To do: Give back, exactly and with nothing else, the lines running from the one that contains "2022 Stone Blue" to the end of the entries below; do not include pictures.

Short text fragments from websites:
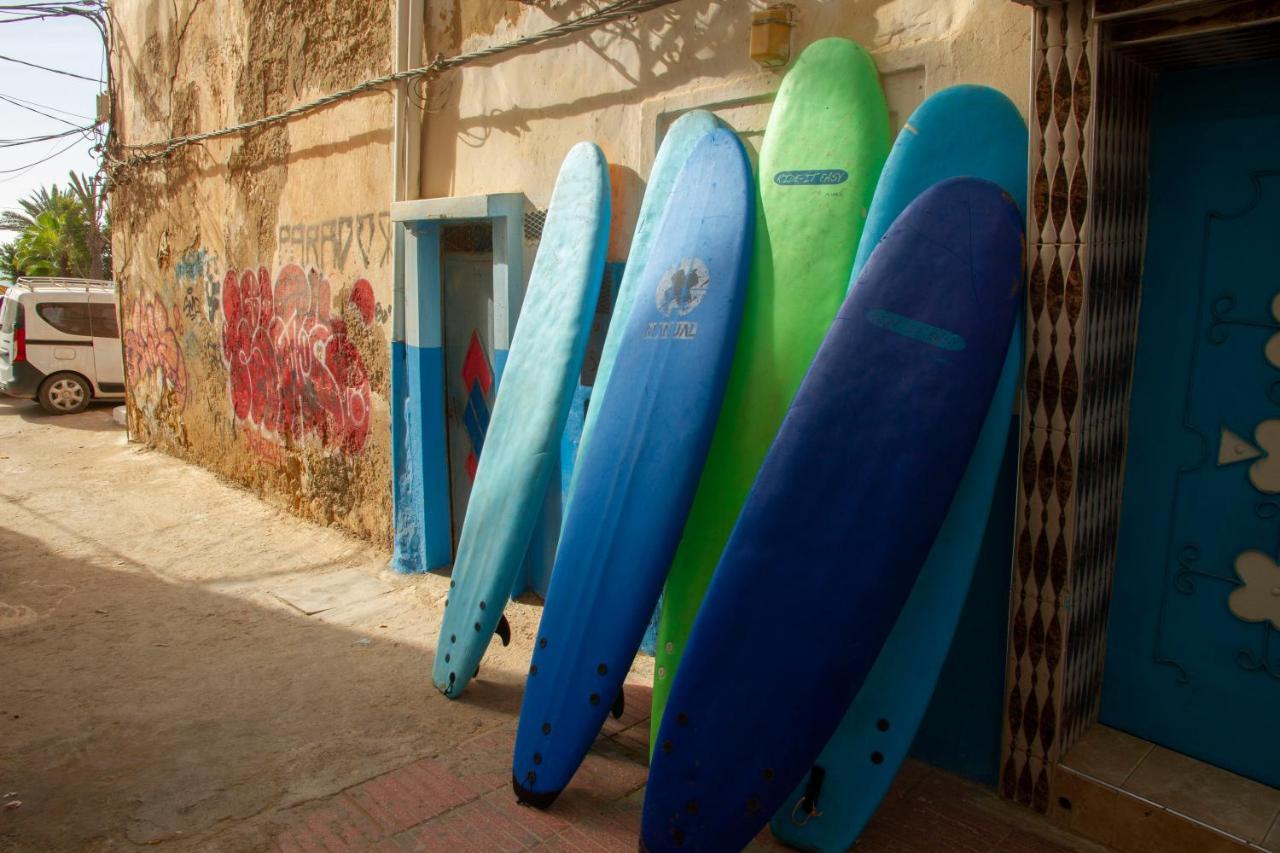 Amayour Surf Hostel ทากาเซาท์ ภายนอก รูปภาพ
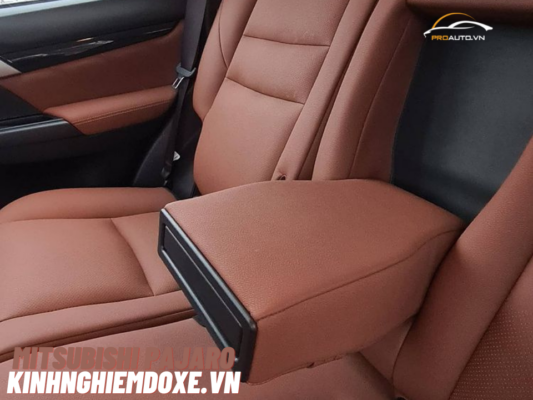 Bọc ghế da xe Mitsubishi Pajaro sang trọng và tinh tế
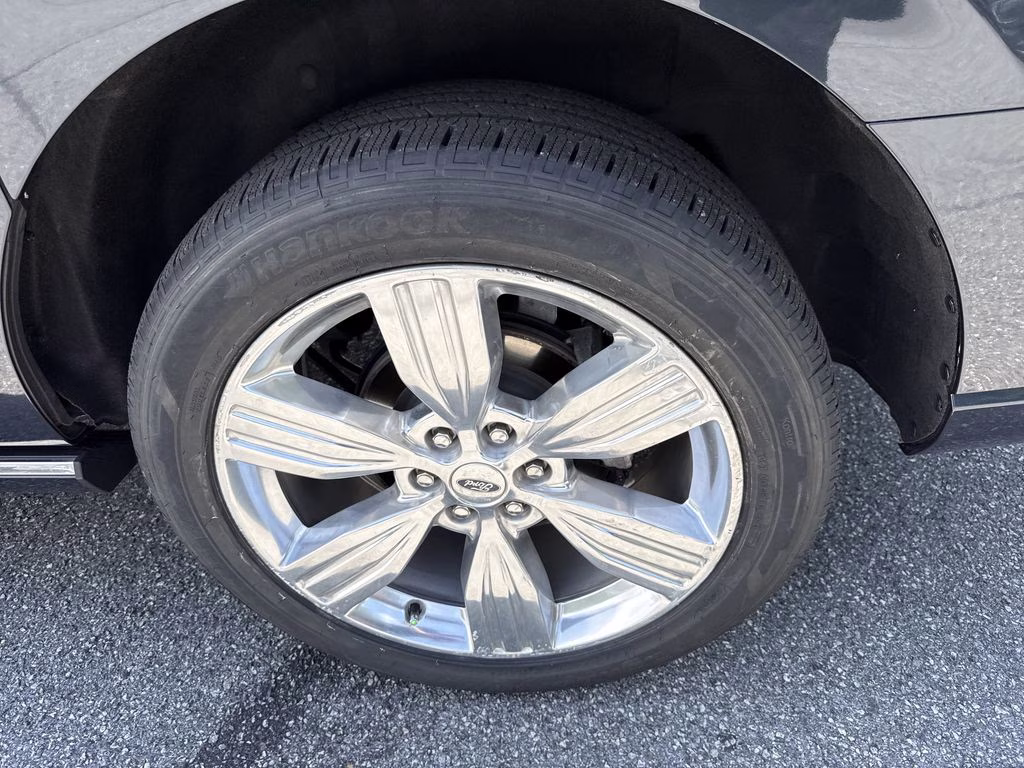 2022 Stone Blue Metallic Ford Expedition Max Platinum 4X4 SUV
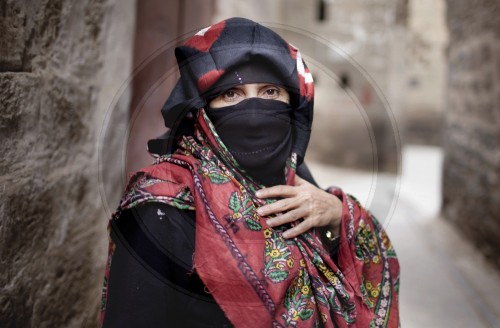 Traditionell gekleidete Frau in der Altstadt von Sanaa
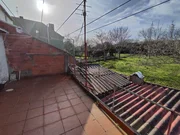 Casa adosada para reforma en zona urbana en santa marina, ferrol
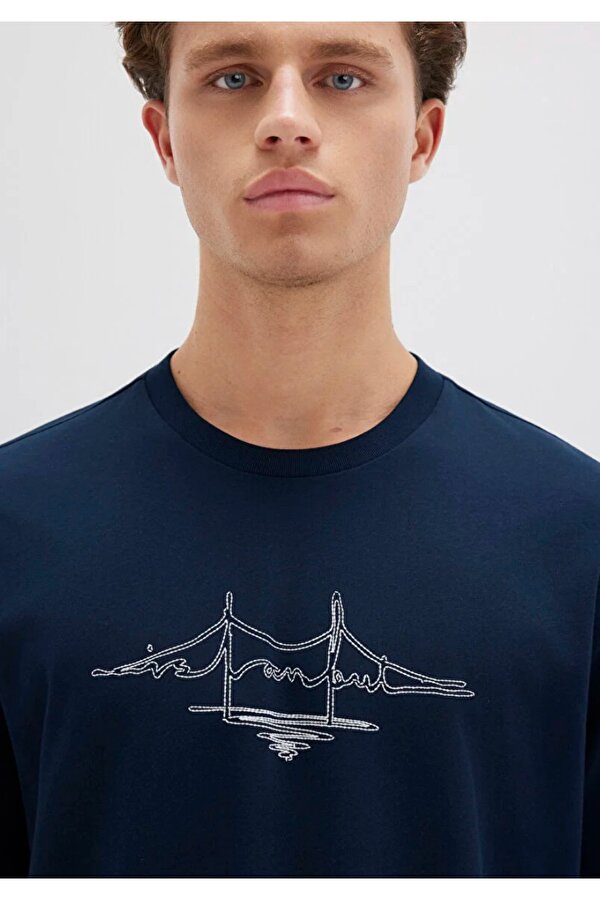 M0611881 İstanbul Nakışlı Tişört Erkek T-Shirt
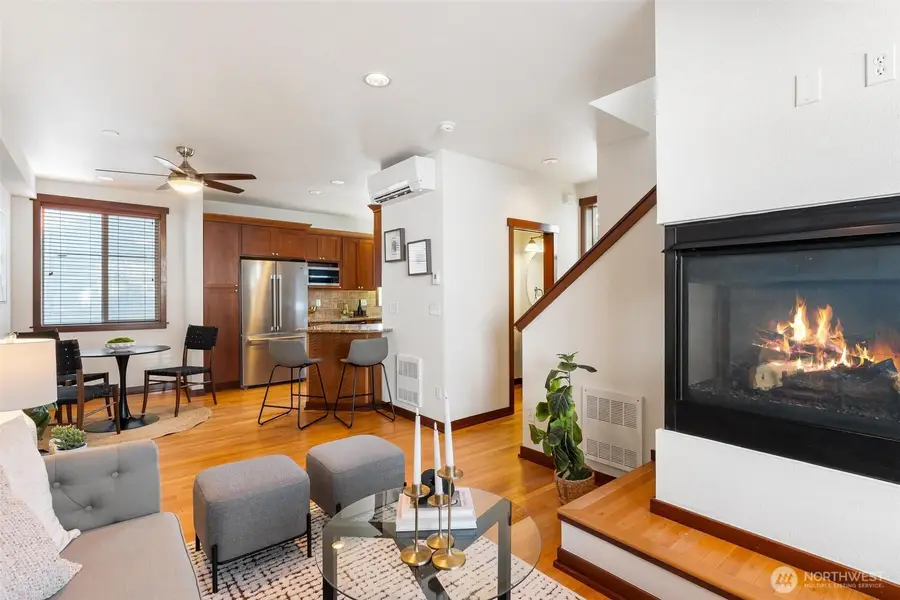 2400 W Boston Street, Seattle, WA 98199 - #2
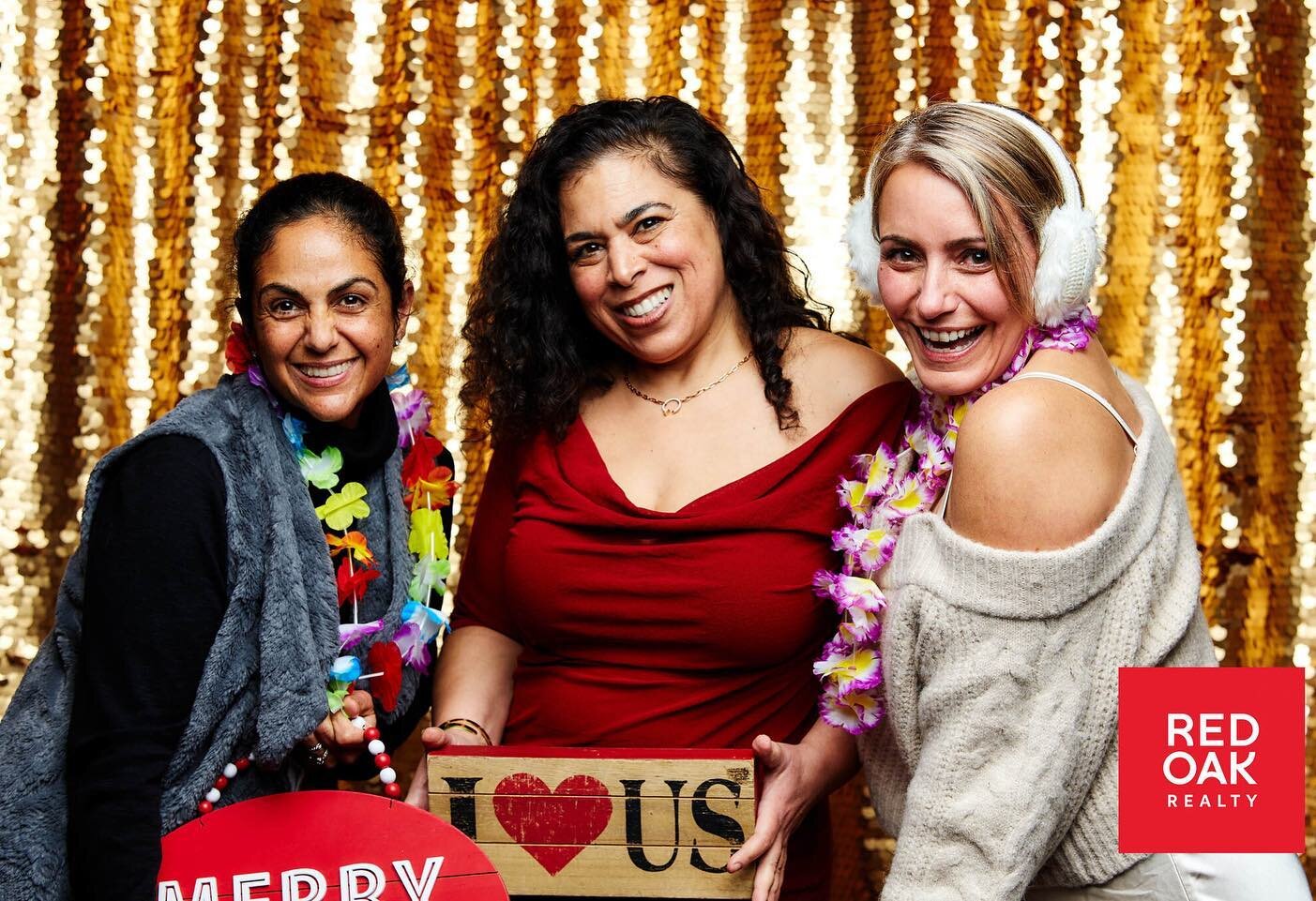 Made a quick @redoakrealty holiday party appearance &hearts;️🎄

Solution for this task:
 2022 Stone Blue Metallic Ford Expedition Max Platinum 4X4 SUV
 Traditionell gekleidete Frau in der Altstadt von Sanaa
 Casa adosada para reforma en zona urbana en santa marina, ferrol
 M0611881 İstanbul Nakışlı Tişört Erkek T-Shirt
 2400 W Boston Street, Seattle, WA 98199 - #2
 Made a quick @redoakrealty holiday party appearance &hearts;️🎄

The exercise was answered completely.